So Owens went to Milledgeville after stints at Dooly County, McIntosh County Academy and Metter with the hope of engineering a return to region play.
After a 3-7 opening season, the Bulldogs went 5-5 in 2010 to post only their sixth non-losing season since 1980.
The Bulldogs topped that with a 7-3 season a year ago. They lost to teams from a larger class in Jeff Davis, Lakeview Academy and Prince Avenue Christian, which advanced to the Class A state semifinals before losing to eventual champion Savannah Christian.
“We finally had some real success on the field,” Owens said.
Owens went to the administration following the season and asked that his team be allowed to play a region schedule. The group debated the idea but finally acquiesced.
“It means so much to these kids and the guys that came before them,” Owens said. “They worked so hard. So many of my former players have called and said they want to be here on Friday night. It’s going to be special.”

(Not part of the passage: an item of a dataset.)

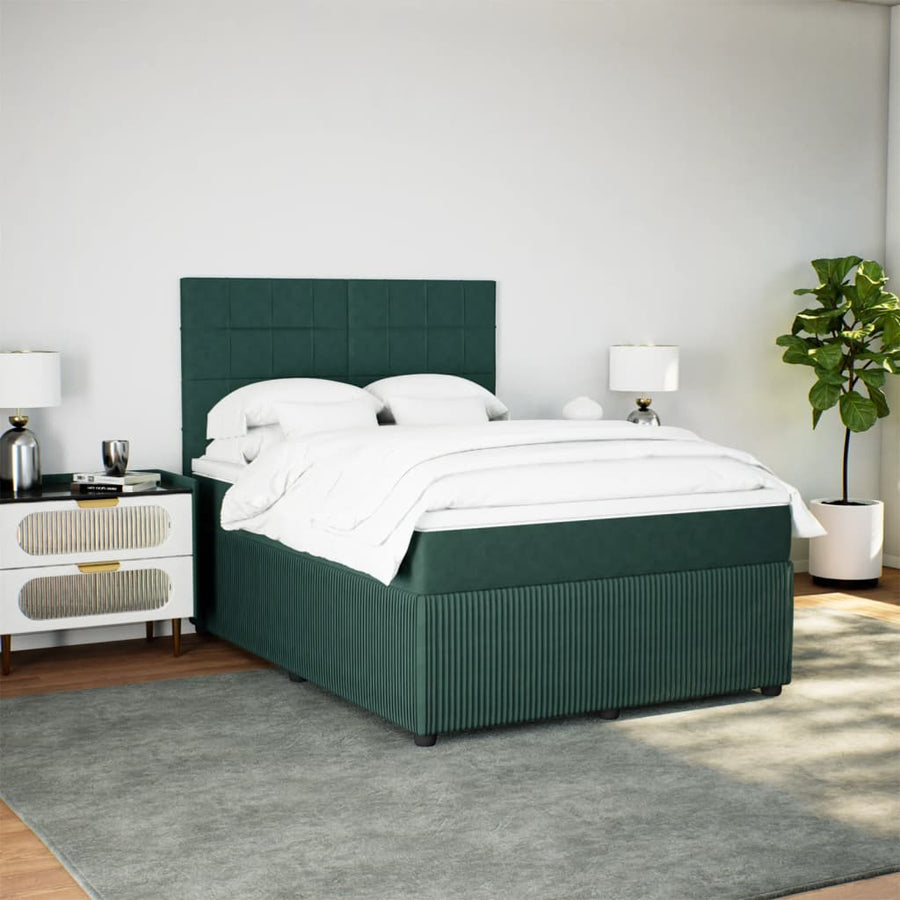 Boxspring met matras fluweel donkergroen 140x190 cm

Owens knows this next step won’t be easy.
The Bulldogs have won 11 of their past 15 games. But the level of competition rises significantly against Wilkinson County, a team that many expect to contend for a public school state championship and one that was ranked before a loss last week to Irwin County. The wins won’t be easier thereafter with games coming against FPD, Lincoln County and Aquinas and improving programs in Hancock Central and Twiggs County. The schedule is a departure from the past few years, when region commitments limit the teams the Bulldogs can schedule, resulting in a number of games against fellow non-region schools.
“We’ve worked towards this (Wilkinson County) game since we started working out in June,” Owens said. “No offense to the teams we’ve played, but we’ve been working towards this game.”

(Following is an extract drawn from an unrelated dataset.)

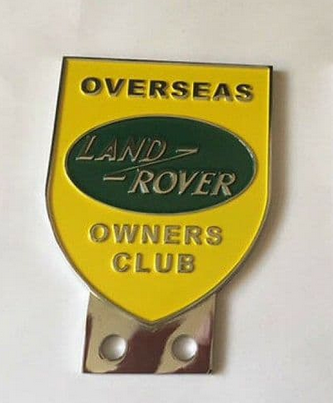 Land Rover Overseas Owners Club Grill Bumper Badge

Owens said he’s excited region play will begin against Wilkinson County, a neighboring school and a natural rival.
“Football in Georgia is about playing neighbors and rivals every week,” he said.

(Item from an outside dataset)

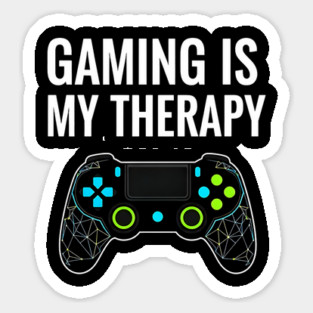Gaming Is My Therapy - Neon Geometric Controller Design Magnet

Because of the Bulldogs’ success on the field, Owens said his team is very confident, but he has tried to temper the exuberance as the week goes on. Win or lose, the Bulldogs still have six more region games to play.
“Our kids are sky high and they think they can beat the world,” Owens said. “There’s bad and good to that. There’s a fine line between being confident and understanding where you’re at as a football team. This should be a huge challenge for us.”